TASK DETAILS:
The output must match the lines from the first line of the listing below through the line holding "jardí (Foto: Albert" exactly and must contain no pictures.

RECORDS SHOWN: Begin

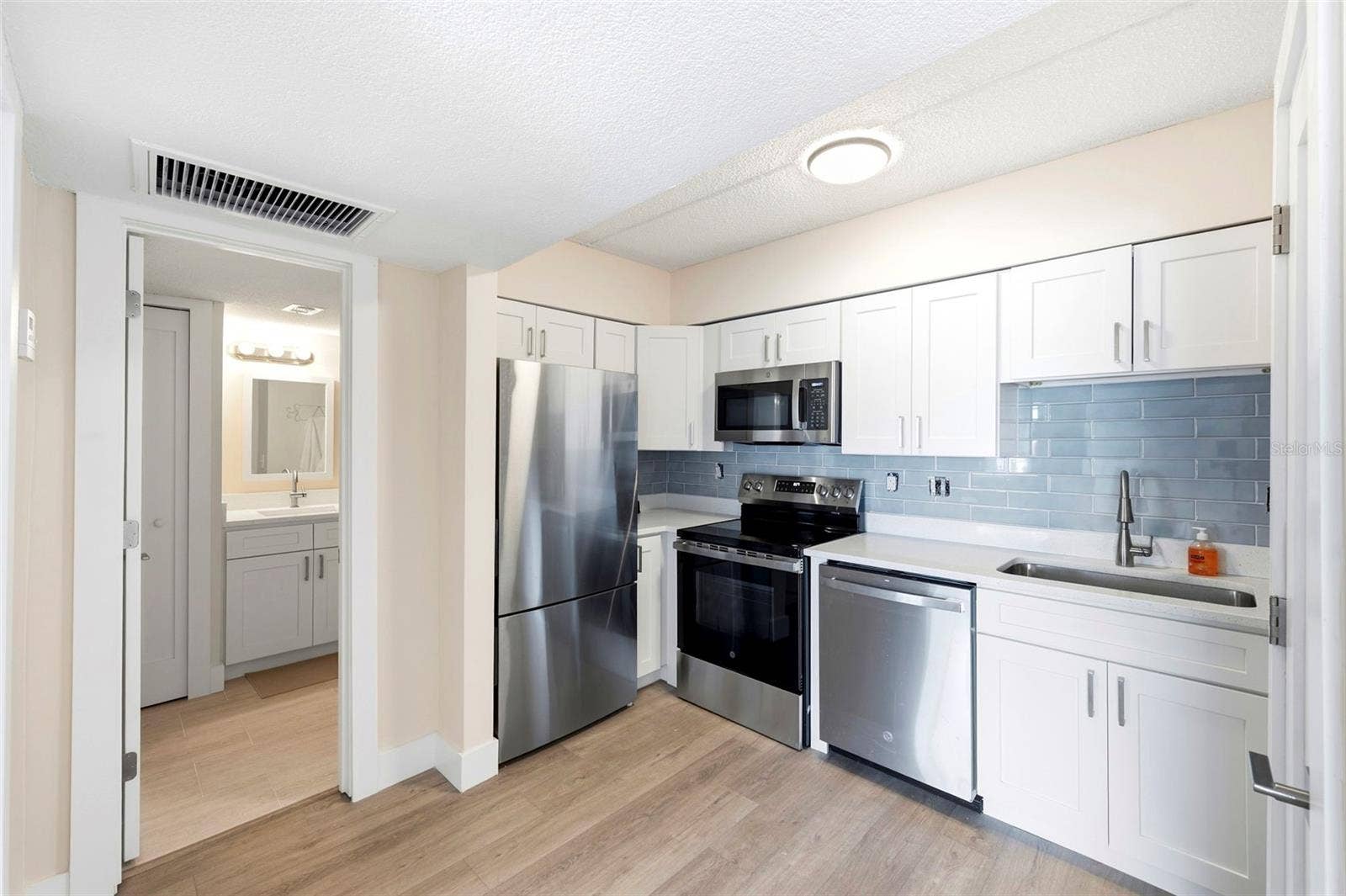 10365 PARADISE BOULEVARD, #1, Treasure Island, FL 33706 10365 PARADISE BOULEVARD, #1, Treasure Island, FL 33706
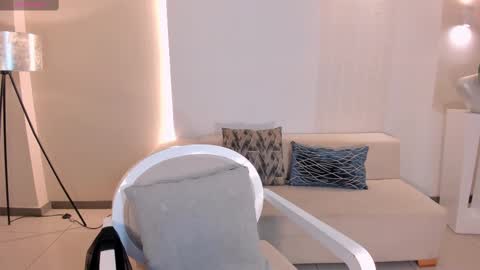 Snapshot of juliettabasset chatting on 02.20.25 JULIETTA online show from 02.20.25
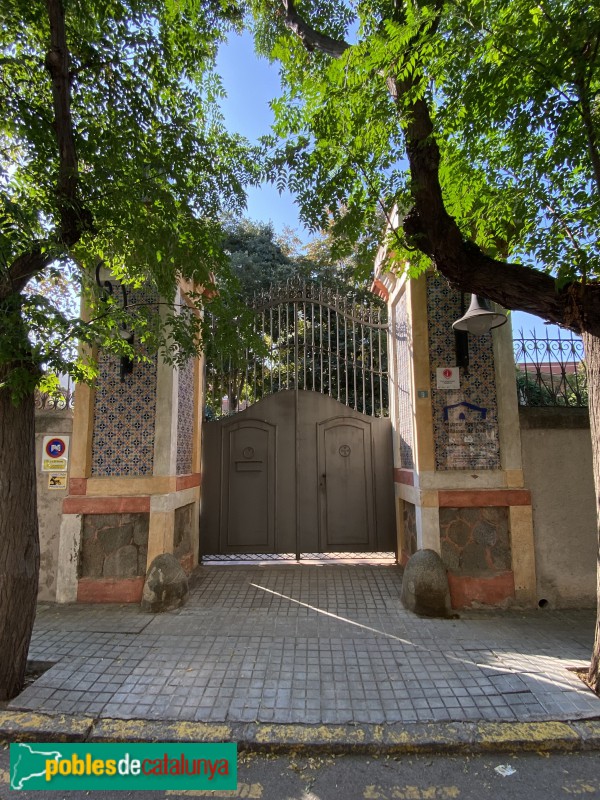 Vilassar de Dalt - Vilassar de Dalt - Can Banús. Portal del jardí (Foto: Albert Esteves, 2021) Vilassar de Dalt - Vilassar de Dalt - Can Banús. Portal del jardí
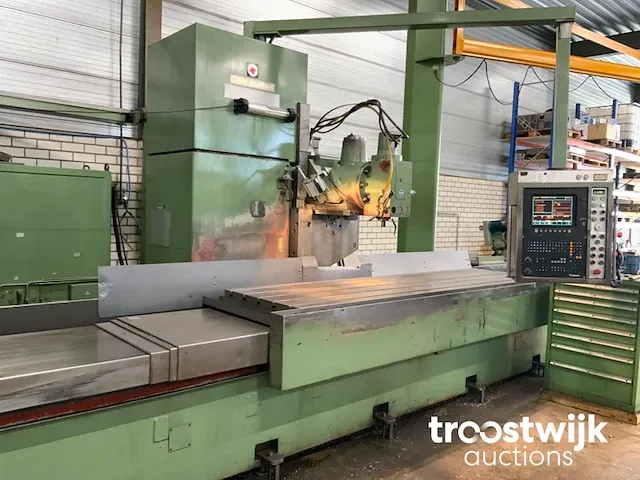 Cnc bedfreesmachine - afbeelding 44 van  50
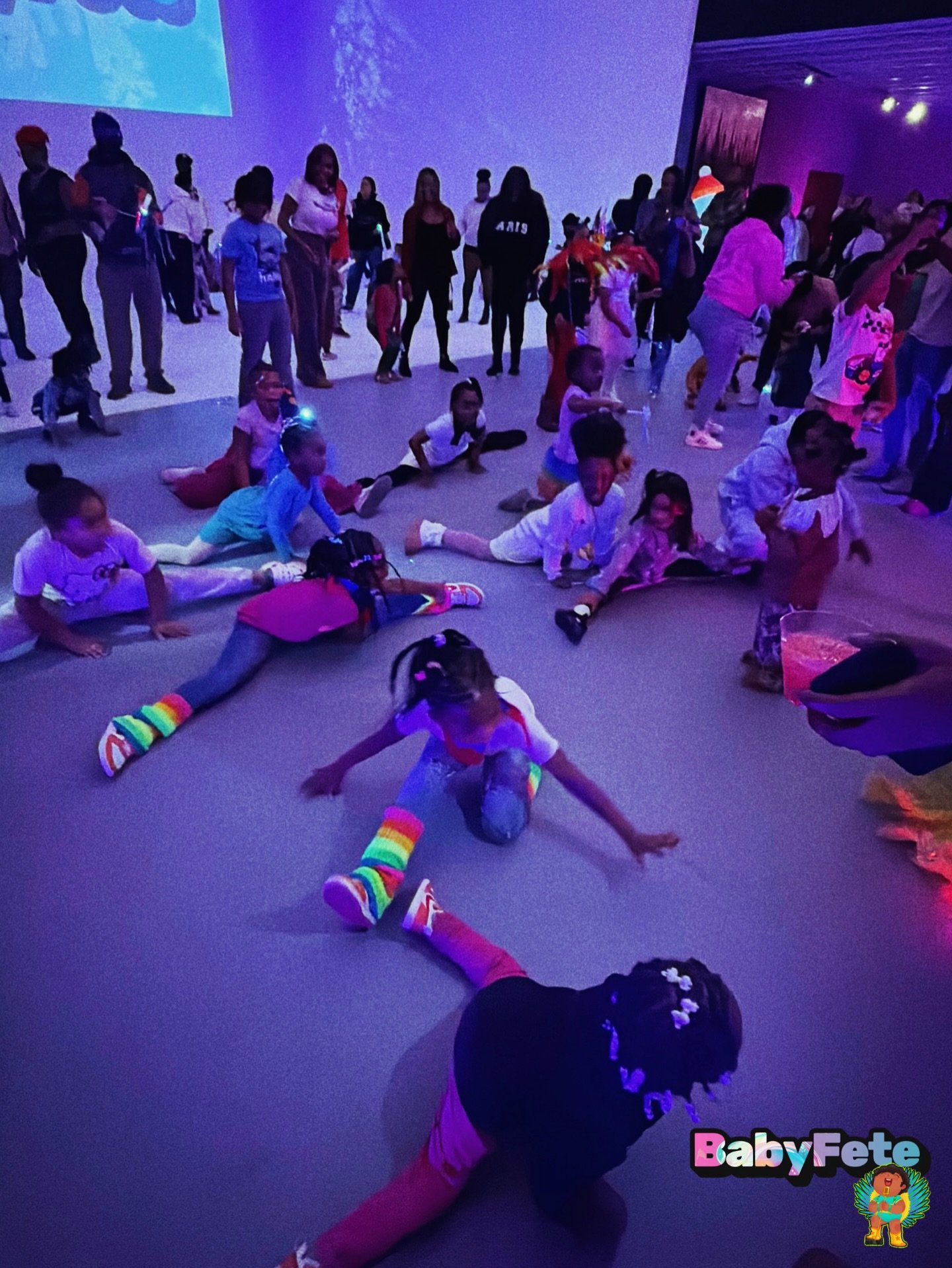 Cue Split in de middle 🤸🏾&zwj;♀️

Not sure what was happening here but none of the adults could do it 😅💁🏾&zwj;♀️

See you at the next BabyFETE 💕

#babyfete #soca #caribbean #brooklyn #familytime❤️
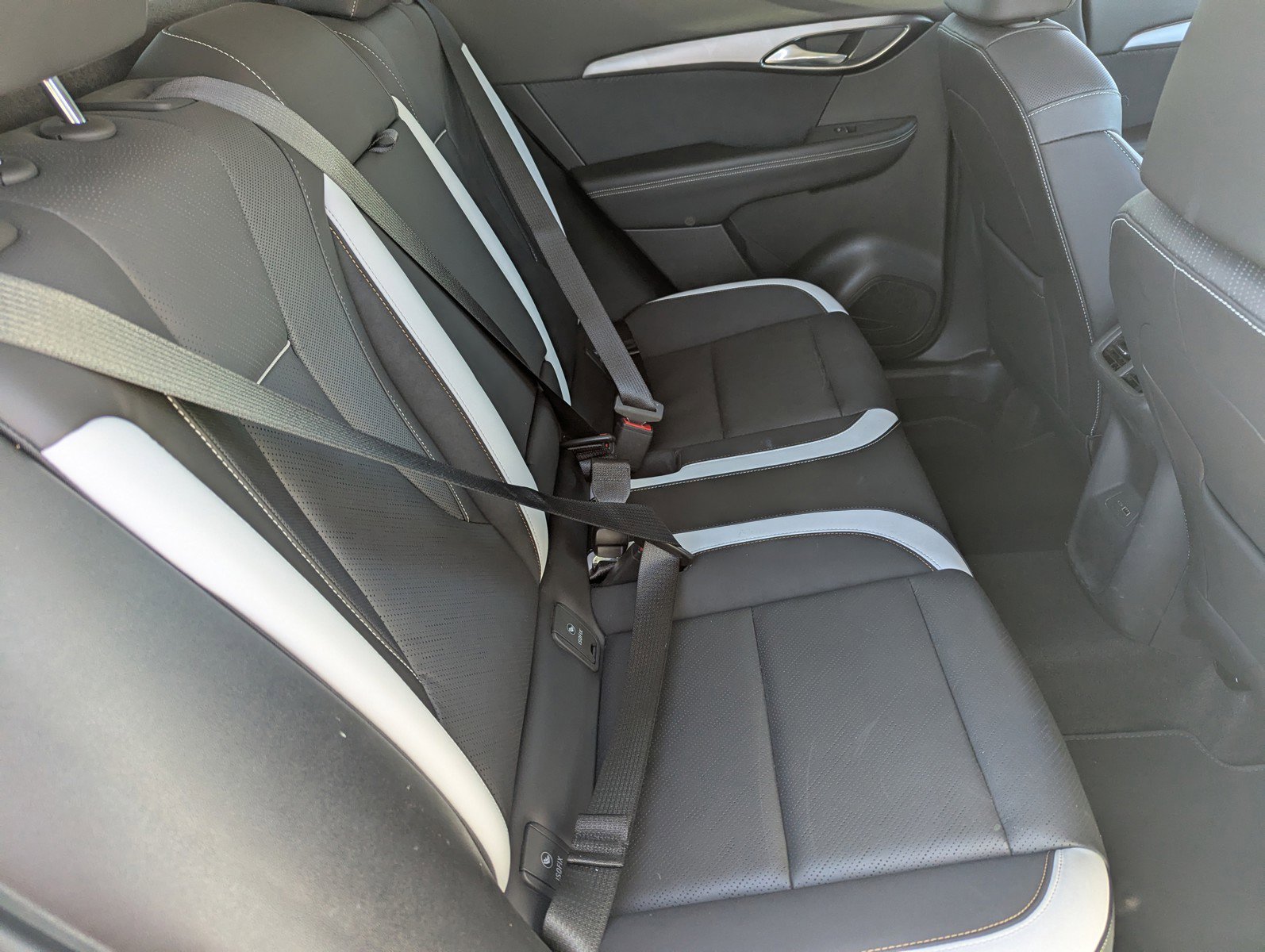 Certified 2025 Buick Envision Sport Touring image 15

RECORDS SHOWN: End

FINISHED TASK:
 10365 PARADISE BOULEVARD, #1, Treasure Island, FL 33706 10365 PARADISE BOULEVARD, #1, Treasure Island, FL 33706
 Snapshot of juliettabasset chatting on 02.20.25 JULIETTA online show from 02.20.25
 Vilassar de Dalt - Vilassar de Dalt - Can Banús. Portal del jardí (Foto: Albert Esteves, 2021) Vilassar de Dalt - Vilassar de Dalt - Can Banús. Portal del jardí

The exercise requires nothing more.